_GIVEN DATA:_
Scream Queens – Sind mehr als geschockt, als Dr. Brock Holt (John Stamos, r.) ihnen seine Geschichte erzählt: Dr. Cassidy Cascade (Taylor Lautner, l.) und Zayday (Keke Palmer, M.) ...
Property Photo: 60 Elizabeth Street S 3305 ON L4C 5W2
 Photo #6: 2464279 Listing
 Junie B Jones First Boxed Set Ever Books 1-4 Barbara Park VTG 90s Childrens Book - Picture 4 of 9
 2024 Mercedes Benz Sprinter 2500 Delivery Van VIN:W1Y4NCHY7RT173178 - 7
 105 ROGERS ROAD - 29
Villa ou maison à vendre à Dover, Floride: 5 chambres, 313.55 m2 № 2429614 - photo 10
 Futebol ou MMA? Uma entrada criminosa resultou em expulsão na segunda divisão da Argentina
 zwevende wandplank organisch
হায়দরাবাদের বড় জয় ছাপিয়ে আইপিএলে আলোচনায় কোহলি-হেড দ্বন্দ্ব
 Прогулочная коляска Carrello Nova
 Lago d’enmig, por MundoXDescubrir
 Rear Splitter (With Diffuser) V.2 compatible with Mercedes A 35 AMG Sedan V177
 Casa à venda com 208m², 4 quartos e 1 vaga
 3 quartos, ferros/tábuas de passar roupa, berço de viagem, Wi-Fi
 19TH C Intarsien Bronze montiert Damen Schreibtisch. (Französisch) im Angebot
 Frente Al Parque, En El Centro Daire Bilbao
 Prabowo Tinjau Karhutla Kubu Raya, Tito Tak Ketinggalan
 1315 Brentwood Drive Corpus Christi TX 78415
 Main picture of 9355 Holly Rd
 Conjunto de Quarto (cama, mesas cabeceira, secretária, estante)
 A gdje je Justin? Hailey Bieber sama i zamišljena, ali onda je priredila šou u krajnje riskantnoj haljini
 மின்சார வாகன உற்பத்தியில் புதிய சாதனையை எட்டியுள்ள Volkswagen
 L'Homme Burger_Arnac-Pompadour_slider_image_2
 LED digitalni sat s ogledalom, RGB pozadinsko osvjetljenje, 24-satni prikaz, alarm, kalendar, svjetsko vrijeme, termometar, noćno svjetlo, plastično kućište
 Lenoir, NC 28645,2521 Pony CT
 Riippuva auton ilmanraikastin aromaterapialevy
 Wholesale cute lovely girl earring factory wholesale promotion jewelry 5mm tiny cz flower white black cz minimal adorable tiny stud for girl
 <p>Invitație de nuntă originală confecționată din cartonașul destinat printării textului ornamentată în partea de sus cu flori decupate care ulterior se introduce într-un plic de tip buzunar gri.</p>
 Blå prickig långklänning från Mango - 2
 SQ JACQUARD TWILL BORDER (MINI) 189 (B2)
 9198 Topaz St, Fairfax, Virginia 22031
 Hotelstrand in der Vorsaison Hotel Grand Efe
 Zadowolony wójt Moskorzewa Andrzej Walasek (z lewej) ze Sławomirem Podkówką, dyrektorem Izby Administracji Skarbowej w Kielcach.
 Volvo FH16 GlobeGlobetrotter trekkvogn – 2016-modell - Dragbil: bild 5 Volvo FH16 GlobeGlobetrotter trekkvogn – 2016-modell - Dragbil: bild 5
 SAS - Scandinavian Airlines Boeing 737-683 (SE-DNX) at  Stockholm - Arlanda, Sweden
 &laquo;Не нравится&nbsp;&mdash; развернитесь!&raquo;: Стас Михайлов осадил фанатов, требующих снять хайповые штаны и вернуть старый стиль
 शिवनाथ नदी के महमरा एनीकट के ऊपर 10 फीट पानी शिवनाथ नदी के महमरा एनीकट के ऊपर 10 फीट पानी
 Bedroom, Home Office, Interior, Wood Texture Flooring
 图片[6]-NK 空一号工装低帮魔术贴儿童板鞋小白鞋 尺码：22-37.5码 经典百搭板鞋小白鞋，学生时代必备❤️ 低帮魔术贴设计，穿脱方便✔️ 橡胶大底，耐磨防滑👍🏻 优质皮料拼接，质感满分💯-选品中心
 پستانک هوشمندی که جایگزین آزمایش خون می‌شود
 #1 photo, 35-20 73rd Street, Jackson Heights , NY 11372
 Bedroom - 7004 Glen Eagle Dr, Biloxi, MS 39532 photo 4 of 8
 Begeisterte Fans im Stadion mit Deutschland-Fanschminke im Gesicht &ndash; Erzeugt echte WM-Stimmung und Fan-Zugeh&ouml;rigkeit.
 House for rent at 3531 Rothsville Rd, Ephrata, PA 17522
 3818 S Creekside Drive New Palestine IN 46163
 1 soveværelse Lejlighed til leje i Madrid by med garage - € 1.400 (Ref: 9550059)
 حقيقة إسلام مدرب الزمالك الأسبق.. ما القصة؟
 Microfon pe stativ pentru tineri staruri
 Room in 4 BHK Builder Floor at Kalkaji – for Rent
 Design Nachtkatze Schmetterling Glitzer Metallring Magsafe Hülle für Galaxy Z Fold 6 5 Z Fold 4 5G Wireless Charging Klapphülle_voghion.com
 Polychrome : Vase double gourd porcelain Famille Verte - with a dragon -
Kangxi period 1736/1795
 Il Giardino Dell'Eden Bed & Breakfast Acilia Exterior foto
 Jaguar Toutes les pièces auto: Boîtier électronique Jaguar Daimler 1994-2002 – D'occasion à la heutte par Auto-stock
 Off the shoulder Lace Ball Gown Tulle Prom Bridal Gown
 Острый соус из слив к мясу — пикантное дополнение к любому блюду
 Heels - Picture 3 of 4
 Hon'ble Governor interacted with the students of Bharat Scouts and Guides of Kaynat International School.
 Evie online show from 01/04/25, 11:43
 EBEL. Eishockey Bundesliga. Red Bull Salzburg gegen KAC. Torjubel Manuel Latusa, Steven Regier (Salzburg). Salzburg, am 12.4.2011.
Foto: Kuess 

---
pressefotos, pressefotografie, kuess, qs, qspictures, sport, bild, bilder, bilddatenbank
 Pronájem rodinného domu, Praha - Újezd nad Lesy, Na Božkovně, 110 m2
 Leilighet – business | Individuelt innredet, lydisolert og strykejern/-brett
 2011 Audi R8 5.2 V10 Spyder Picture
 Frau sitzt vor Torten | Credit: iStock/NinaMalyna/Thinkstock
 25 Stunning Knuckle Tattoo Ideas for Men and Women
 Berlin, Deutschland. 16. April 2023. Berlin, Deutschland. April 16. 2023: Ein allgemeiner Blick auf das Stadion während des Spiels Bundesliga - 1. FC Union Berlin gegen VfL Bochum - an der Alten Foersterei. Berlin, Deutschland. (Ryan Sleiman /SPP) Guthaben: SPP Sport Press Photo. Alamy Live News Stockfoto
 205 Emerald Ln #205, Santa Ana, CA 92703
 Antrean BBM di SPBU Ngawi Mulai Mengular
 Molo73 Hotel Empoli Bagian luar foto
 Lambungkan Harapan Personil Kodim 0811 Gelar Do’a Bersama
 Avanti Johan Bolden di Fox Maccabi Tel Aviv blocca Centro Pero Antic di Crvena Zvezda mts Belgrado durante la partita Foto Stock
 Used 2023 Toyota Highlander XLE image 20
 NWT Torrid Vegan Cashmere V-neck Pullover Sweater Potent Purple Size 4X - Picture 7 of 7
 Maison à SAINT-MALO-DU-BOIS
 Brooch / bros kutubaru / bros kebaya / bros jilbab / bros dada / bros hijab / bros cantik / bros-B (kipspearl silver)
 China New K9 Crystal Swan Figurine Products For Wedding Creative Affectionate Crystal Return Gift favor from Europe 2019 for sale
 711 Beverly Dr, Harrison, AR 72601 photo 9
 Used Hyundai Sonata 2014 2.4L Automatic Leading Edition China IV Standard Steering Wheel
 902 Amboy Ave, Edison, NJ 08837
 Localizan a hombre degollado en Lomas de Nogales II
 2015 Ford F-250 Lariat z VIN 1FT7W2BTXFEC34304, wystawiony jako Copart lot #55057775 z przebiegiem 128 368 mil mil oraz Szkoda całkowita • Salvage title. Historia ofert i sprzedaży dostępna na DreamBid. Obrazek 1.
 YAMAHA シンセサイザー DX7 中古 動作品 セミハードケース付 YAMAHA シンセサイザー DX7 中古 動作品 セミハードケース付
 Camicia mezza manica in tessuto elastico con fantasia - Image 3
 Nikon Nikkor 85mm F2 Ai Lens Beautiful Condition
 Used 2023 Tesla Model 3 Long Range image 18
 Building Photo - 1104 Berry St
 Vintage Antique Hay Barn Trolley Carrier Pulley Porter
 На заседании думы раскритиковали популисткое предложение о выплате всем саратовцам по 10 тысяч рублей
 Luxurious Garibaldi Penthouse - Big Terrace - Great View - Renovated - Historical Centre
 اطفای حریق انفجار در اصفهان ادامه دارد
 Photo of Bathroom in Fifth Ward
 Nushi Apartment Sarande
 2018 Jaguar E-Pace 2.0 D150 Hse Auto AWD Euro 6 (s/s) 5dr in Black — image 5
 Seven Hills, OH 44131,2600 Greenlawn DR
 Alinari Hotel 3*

_EXERCISE DESCRIPTION:_ Return, with no change at all, every line in the entries above from the line containing "Conjunto de Quarto" through the line containing "SQ JACQUARD TWILL BORDER (MINI) 189 (B2)".

_OUTPUT FOR THIS EXERCISE:_
 Conjunto de Quarto (cama, mesas cabeceira, secretária, estante)
 A gdje je Justin? Hailey Bieber sama i zamišljena, ali onda je priredila šou u krajnje riskantnoj haljini
 மின்சார வாகன உற்பத்தியில் புதிய சாதனையை எட்டியுள்ள Volkswagen
 L'Homme Burger_Arnac-Pompadour_slider_image_2
 LED digitalni sat s ogledalom, RGB pozadinsko osvjetljenje, 24-satni prikaz, alarm, kalendar, svjetsko vrijeme, termometar, noćno svjetlo, plastično kućište
 Lenoir, NC 28645,2521 Pony CT
 Riippuva auton ilmanraikastin aromaterapialevy
 Wholesale cute lovely girl earring factory wholesale promotion jewelry 5mm tiny cz flower white black cz minimal adorable tiny stud for girl
 <p>Invitație de nuntă originală confecționată din cartonașul destinat printării textului ornamentată în partea de sus cu flori decupate care ulterior se introduce într-un plic de tip buzunar gri.</p>
 Blå prickig långklänning från Mango - 2
 SQ JACQUARD TWILL BORDER (MINI) 189 (B2)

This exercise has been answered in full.